According to Manuel's police statement, the defendants did not return to his and Smart's house until around 10:00 or 10:30 p.m. Manuel stated that appellant and Charlie "told me they picked [Hopper] up, they talked to him, and then I guess they beat him up real bad and ... they left him." Charlie also said "he was telling [appellant] to stop but he didn't." Charlie said Hopper was on the ground with his shirt up over his face and was making a gurgling sound when he told appellant to stop, but "[appellant] just kept going and doing stuff." Manuel reported that all three defendants were present when these details were being told to him.
Detectives interviewed appellant on November 7. During the interview, appellant eventually admitted that he drove Hopper out into the country at Bennett's direction. Bennett told appellant to stop and then Bennett and Hopper both got out of the car. According to appellant, Bennett started hitting and "going crazy" on Hopper and that Hopper did not fight back.
After Bennett started fighting with Hopper, Bennett said something about appellant's guns. At this point, appellant stepped in and questioned Hopper about the guns. Hopper told appellant that he was trying to sell them. Appellant started arguing with Hopper about getting the guns back. Appellant admitted he hit Hopper "a couple of times" but claimed "my uncle did the most of it."
Appellant denied kicking or stomping on Hopper. Appellant claimed that after he hit Hopper a couple of times, Bennett wrestled Hopper to the ground and started kicking and stomping on him. Appellant told detectives that when his uncle was attacking Hopper, "I was just like, I was just stunned, I was just shocked and, I was just standing there and my brother's pretty much the same way." Appellant did not know how Hopper's shirt got over his head.

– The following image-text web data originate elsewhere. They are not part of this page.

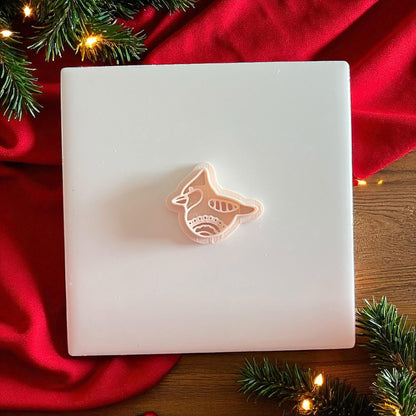Polymer clay cutter and bird imprint side by side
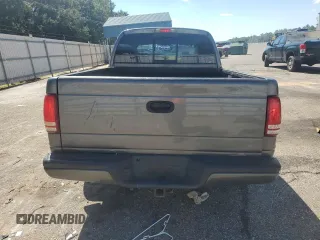 2003 Dodge Dakota Sport with VIN 1D7HL38N43S184708, listed as a Copart auction lot 73320964 with 143,398 mi miles and Salvage Title. Bid and sale history available at carsss.com. Image 6.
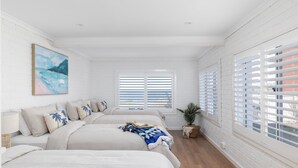 Um quarto com uma janela grande, paredes de tijolos brancos e um quadro na parede.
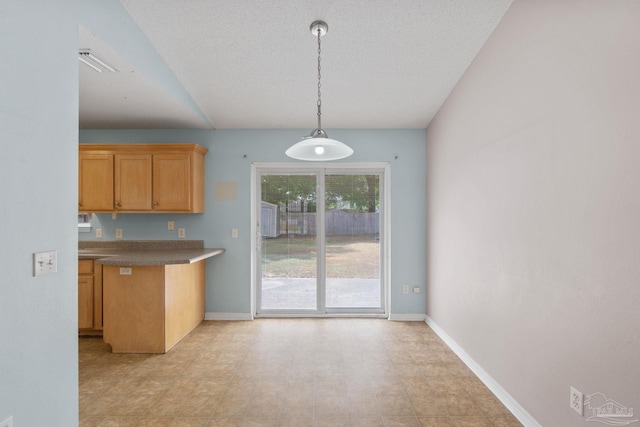 kitchen featuring baseboards, pendant lighting, and dark countertops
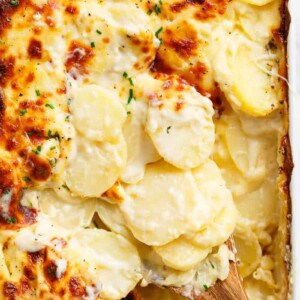 Cheesy Garlic Parmesan Scalloped Potatoes  in a baking tray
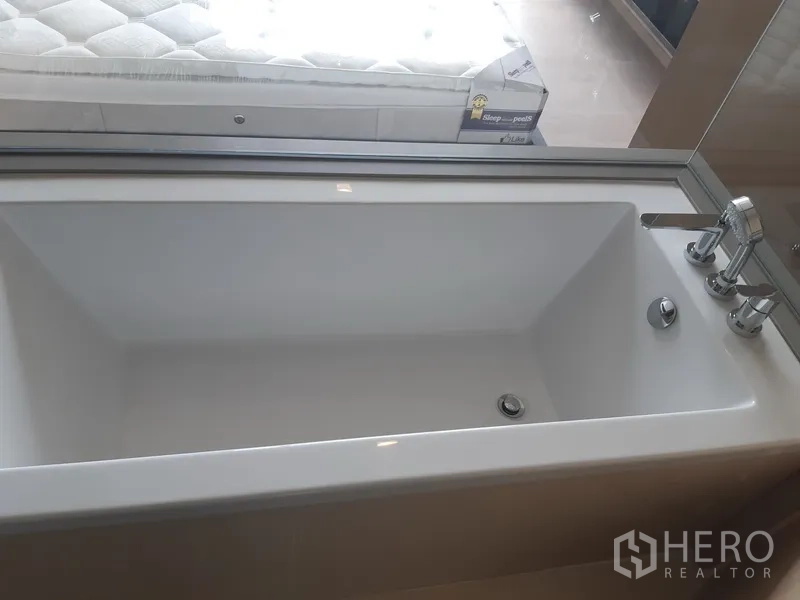Condominium for rent or sale in Watthana, Bangkok - Deep soaking bathtub beside bedroom window with city outlook.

Neither he nor Charlie pulled it up.
Appellant said that when they left, Hopper was making "snoring" sounds, but he did not know Hopper was dying. After leaving Hopper, they stopped at Manuel and Smart's house. Appellant told them his uncle just beat up some guy. Then he added, "I think I did use 'we', I go, oh man, oh man, we beat this guy up . . . ." Appellant told detectives he was scared and in shock because he had never seen his uncle act that way.
The defense
Appellant testified that after his grandfather died, he received a number of rifles that had belonged to his grandfather. The guns were stolen from his house about a month and a half before the October 31st incident. Appellant decided not to report the theft because he did not think the police on the reservation would be effective in finding them.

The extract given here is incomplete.